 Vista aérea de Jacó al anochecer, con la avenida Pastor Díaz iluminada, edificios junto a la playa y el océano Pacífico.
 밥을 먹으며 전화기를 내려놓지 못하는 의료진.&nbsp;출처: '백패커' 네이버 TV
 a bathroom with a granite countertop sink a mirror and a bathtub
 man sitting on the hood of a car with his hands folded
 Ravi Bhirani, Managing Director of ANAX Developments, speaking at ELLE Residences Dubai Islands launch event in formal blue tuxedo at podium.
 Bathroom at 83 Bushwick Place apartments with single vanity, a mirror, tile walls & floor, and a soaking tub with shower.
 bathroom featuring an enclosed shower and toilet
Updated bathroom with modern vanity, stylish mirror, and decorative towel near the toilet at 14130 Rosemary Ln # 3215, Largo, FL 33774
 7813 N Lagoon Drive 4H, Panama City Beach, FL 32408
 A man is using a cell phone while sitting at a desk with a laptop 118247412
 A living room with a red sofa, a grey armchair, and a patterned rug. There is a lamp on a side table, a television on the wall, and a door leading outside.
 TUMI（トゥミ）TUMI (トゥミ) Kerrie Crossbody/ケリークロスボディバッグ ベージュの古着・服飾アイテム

------

Task item -> Repeat exactly the lines above, starting with the line that contains "Updated bathroom with" and ending with the last line, both included, and nothing else.

Completed task ->
Updated bathroom with modern vanity, stylish mirror, and decorative towel near the toilet at 14130 Rosemary Ln # 3215, Largo, FL 33774
 7813 N Lagoon Drive 4H, Panama City Beach, FL 32408
 A man is using a cell phone while sitting at a desk with a laptop 118247412
 A living room with a red sofa, a grey armchair, and a patterned rug. There is a lamp on a side table, a television on the wall, and a door leading outside.
 TUMI（トゥミ）TUMI (トゥミ) Kerrie Crossbody/ケリークロスボディバッグ ベージュの古着・服飾アイテム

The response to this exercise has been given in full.